Record extracts Block Start

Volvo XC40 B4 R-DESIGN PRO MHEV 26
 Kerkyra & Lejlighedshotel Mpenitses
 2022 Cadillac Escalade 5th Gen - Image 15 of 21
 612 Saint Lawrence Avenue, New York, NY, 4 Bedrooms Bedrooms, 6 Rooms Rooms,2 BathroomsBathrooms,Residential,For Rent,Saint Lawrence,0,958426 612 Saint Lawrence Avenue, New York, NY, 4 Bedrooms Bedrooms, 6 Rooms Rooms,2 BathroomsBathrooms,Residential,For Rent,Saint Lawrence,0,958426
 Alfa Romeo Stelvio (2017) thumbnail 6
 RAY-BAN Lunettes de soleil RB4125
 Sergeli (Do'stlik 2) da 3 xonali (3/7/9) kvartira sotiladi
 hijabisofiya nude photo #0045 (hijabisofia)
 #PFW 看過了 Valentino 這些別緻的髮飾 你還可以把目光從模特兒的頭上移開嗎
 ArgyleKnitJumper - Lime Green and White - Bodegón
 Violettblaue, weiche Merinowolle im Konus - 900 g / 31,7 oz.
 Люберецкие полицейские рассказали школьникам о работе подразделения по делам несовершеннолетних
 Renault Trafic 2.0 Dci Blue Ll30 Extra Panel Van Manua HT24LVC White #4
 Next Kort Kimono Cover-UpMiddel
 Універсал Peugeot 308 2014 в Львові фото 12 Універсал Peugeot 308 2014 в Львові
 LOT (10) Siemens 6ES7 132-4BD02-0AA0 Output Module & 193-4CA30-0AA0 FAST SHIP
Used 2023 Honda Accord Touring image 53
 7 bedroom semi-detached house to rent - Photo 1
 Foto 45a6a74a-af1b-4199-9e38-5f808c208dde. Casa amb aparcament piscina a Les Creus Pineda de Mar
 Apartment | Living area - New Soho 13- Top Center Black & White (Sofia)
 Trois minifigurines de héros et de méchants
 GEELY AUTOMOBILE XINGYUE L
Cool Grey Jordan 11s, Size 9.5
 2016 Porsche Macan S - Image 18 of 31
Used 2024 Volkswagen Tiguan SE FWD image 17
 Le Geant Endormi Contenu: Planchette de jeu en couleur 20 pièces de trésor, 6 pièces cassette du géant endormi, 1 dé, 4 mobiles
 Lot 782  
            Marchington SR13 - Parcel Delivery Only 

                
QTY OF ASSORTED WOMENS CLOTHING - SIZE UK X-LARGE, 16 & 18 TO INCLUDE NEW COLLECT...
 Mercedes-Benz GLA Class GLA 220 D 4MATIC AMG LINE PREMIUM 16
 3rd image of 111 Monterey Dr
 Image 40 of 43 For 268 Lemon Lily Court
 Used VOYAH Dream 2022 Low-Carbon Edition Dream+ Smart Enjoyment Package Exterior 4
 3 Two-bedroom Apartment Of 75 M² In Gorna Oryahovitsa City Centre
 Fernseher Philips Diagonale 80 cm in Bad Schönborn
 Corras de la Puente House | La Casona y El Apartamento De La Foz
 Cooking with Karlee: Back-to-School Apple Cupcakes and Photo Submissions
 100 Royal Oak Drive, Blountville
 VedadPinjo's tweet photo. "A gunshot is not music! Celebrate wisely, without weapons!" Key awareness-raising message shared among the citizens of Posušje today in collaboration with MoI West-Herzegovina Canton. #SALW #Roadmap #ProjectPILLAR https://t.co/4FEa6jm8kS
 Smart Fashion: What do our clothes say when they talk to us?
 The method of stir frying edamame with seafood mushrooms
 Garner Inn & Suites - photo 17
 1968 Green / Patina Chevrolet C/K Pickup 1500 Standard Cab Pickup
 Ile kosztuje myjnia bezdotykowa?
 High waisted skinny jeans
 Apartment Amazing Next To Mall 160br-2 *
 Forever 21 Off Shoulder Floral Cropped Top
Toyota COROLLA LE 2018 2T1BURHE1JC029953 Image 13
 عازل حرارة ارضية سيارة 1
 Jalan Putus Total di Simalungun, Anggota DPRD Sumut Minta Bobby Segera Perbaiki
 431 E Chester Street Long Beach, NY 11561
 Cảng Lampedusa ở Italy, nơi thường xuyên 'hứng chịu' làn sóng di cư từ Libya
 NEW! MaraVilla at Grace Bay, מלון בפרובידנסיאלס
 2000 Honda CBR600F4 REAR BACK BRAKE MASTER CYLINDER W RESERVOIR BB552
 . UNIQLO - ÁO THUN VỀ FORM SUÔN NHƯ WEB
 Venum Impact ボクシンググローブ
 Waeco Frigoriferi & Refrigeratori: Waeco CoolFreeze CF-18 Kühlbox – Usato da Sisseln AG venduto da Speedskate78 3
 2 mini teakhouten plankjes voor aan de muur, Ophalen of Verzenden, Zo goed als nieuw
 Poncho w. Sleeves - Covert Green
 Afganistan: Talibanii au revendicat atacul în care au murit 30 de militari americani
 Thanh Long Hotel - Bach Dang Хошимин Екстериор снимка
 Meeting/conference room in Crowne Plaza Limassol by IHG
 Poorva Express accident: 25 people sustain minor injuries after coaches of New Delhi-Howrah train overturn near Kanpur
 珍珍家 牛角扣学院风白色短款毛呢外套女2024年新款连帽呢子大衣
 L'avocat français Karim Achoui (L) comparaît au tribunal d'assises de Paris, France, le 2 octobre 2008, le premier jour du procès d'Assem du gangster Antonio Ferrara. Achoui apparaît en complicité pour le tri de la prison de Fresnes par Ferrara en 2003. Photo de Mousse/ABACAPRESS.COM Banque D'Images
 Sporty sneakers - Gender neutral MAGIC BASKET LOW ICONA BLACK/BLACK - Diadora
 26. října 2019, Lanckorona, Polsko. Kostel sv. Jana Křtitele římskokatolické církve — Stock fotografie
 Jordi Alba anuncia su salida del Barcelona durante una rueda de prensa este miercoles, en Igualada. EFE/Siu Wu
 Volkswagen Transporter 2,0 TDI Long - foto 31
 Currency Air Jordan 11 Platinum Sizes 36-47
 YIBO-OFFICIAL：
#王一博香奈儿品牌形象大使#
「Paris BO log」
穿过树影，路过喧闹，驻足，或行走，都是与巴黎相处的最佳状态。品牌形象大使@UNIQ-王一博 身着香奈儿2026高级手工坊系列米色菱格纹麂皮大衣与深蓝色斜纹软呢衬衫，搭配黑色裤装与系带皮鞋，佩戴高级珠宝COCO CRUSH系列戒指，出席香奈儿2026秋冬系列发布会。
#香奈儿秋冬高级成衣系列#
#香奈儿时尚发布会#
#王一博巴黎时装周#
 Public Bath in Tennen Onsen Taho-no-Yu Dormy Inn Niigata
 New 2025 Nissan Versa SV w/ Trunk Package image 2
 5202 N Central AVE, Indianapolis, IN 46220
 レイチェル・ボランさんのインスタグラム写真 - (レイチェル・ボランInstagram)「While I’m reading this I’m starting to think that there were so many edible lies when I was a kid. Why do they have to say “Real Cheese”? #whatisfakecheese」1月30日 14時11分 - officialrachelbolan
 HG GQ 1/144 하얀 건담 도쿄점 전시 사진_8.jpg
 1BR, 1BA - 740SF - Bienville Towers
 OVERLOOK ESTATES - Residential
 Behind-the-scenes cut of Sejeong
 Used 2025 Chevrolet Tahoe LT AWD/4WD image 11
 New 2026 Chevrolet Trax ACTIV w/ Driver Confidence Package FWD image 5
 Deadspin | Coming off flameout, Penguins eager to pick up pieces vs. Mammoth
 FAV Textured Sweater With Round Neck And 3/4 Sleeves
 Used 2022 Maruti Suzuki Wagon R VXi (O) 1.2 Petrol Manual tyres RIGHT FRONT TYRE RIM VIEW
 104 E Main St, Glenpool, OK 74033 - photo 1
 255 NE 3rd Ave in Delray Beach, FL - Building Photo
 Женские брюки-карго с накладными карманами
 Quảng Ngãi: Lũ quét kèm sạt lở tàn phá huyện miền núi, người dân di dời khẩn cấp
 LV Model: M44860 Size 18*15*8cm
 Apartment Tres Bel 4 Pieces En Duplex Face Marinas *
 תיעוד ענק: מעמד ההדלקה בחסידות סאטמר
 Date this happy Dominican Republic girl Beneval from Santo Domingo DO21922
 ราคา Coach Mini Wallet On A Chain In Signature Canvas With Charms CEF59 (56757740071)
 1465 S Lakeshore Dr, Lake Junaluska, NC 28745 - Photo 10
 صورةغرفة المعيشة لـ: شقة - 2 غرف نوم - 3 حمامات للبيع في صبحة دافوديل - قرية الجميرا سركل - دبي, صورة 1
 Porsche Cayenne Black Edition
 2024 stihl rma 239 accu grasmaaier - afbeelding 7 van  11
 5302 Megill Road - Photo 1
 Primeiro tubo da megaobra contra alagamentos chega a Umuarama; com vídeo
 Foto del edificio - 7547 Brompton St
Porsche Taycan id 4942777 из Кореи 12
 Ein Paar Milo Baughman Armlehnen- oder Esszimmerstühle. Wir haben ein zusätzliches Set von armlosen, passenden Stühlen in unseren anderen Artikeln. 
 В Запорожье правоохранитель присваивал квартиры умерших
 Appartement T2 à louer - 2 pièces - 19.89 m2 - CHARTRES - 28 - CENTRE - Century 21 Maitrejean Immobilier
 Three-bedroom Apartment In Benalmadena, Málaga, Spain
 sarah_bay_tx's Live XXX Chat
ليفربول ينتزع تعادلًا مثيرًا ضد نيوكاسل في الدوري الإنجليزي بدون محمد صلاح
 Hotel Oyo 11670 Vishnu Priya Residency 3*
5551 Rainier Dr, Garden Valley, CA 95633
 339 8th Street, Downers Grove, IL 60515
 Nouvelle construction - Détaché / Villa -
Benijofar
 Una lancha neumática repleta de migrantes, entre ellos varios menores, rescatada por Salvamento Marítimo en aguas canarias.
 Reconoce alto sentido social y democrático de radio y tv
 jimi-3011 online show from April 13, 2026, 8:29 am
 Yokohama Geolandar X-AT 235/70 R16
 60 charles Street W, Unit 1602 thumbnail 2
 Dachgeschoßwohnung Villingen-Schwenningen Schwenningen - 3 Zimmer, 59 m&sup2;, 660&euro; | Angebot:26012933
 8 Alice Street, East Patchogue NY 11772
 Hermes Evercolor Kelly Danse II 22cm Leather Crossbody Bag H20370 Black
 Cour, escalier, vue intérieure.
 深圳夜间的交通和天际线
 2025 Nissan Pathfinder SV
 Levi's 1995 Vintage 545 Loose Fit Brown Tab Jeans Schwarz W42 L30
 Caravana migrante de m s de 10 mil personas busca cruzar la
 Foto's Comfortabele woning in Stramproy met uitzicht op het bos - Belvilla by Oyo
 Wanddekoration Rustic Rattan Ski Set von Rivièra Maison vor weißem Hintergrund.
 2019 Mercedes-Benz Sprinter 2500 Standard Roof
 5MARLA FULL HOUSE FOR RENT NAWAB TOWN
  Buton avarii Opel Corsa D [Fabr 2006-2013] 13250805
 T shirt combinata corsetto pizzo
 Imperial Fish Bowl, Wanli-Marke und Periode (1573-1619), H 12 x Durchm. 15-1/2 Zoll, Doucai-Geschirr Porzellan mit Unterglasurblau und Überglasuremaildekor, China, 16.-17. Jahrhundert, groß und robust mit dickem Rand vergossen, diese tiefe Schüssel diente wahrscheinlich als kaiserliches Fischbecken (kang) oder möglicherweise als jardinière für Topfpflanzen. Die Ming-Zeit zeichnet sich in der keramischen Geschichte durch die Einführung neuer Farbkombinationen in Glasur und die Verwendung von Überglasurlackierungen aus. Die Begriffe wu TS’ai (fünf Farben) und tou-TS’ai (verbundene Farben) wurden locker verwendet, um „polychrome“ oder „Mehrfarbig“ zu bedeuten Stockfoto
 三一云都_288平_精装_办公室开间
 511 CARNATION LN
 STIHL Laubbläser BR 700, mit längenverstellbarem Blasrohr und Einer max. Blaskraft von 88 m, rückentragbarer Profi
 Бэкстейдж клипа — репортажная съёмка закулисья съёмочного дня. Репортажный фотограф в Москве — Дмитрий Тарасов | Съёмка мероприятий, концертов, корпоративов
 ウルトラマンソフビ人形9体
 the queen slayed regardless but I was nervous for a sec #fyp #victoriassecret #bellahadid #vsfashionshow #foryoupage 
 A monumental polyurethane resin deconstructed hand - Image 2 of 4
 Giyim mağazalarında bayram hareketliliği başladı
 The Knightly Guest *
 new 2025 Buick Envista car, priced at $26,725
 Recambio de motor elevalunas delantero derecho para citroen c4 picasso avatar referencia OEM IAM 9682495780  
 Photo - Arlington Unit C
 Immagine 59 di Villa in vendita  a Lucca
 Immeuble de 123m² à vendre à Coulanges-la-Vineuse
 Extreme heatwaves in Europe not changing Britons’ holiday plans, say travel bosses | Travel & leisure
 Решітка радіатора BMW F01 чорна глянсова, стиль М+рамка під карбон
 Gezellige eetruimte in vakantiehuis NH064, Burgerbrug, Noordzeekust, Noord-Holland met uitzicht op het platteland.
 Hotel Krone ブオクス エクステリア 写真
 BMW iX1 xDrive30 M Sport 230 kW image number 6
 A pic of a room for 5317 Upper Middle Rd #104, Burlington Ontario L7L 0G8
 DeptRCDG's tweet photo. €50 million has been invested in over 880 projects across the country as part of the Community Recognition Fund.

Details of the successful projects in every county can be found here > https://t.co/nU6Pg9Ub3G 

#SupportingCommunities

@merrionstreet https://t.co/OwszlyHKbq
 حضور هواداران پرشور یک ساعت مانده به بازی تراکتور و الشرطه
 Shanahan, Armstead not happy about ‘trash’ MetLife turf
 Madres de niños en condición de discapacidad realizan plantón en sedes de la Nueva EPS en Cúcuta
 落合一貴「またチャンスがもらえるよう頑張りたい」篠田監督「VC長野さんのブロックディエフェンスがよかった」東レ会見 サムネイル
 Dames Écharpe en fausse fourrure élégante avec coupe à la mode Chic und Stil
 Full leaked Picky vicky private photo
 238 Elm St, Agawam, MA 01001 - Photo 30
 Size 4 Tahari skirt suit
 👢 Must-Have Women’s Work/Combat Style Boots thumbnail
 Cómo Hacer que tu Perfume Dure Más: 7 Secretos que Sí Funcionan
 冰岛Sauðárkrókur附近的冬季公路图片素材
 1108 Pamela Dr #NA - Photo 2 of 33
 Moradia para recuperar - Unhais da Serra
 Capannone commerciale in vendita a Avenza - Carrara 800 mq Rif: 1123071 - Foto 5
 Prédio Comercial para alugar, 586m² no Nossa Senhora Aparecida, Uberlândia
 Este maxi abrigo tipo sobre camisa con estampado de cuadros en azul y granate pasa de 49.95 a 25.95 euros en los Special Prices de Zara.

Record extracts Block End

An exact copy of the lines above between the line holding "5202 N Central AVE, Indianapolis, IN 46220" and the line holding "Porsche Cayenne Black Edition", inclusive, is the whole answer.

__Solved exercise__.
 5202 N Central AVE, Indianapolis, IN 46220
 レイチェル・ボランさんのインスタグラム写真 - (レイチェル・ボランInstagram)「While I’m reading this I’m starting to think that there were so many edible lies when I was a kid. Why do they have to say “Real Cheese”? #whatisfakecheese」1月30日 14時11分 - officialrachelbolan
 HG GQ 1/144 하얀 건담 도쿄점 전시 사진_8.jpg
 1BR, 1BA - 740SF - Bienville Towers
 OVERLOOK ESTATES - Residential
 Behind-the-scenes cut of Sejeong
 Used 2025 Chevrolet Tahoe LT AWD/4WD image 11
 New 2026 Chevrolet Trax ACTIV w/ Driver Confidence Package FWD image 5
 Deadspin | Coming off flameout, Penguins eager to pick up pieces vs. Mammoth
 FAV Textured Sweater With Round Neck And 3/4 Sleeves
 Used 2022 Maruti Suzuki Wagon R VXi (O) 1.2 Petrol Manual tyres RIGHT FRONT TYRE RIM VIEW
 104 E Main St, Glenpool, OK 74033 - photo 1
 255 NE 3rd Ave in Delray Beach, FL - Building Photo
 Женские брюки-карго с накладными карманами
 Quảng Ngãi: Lũ quét kèm sạt lở tàn phá huyện miền núi, người dân di dời khẩn cấp
 LV Model: M44860 Size 18*15*8cm
 Apartment Tres Bel 4 Pieces En Duplex Face Marinas *
 תיעוד ענק: מעמד ההדלקה בחסידות סאטמר
 Date this happy Dominican Republic girl Beneval from Santo Domingo DO21922
 ราคา Coach Mini Wallet On A Chain In Signature Canvas With Charms CEF59 (56757740071)
 1465 S Lakeshore Dr, Lake Junaluska, NC 28745 - Photo 10
 صورةغرفة المعيشة لـ: شقة - 2 غرف نوم - 3 حمامات للبيع في صبحة دافوديل - قرية الجميرا سركل - دبي, صورة 1
 Porsche Cayenne Black Edition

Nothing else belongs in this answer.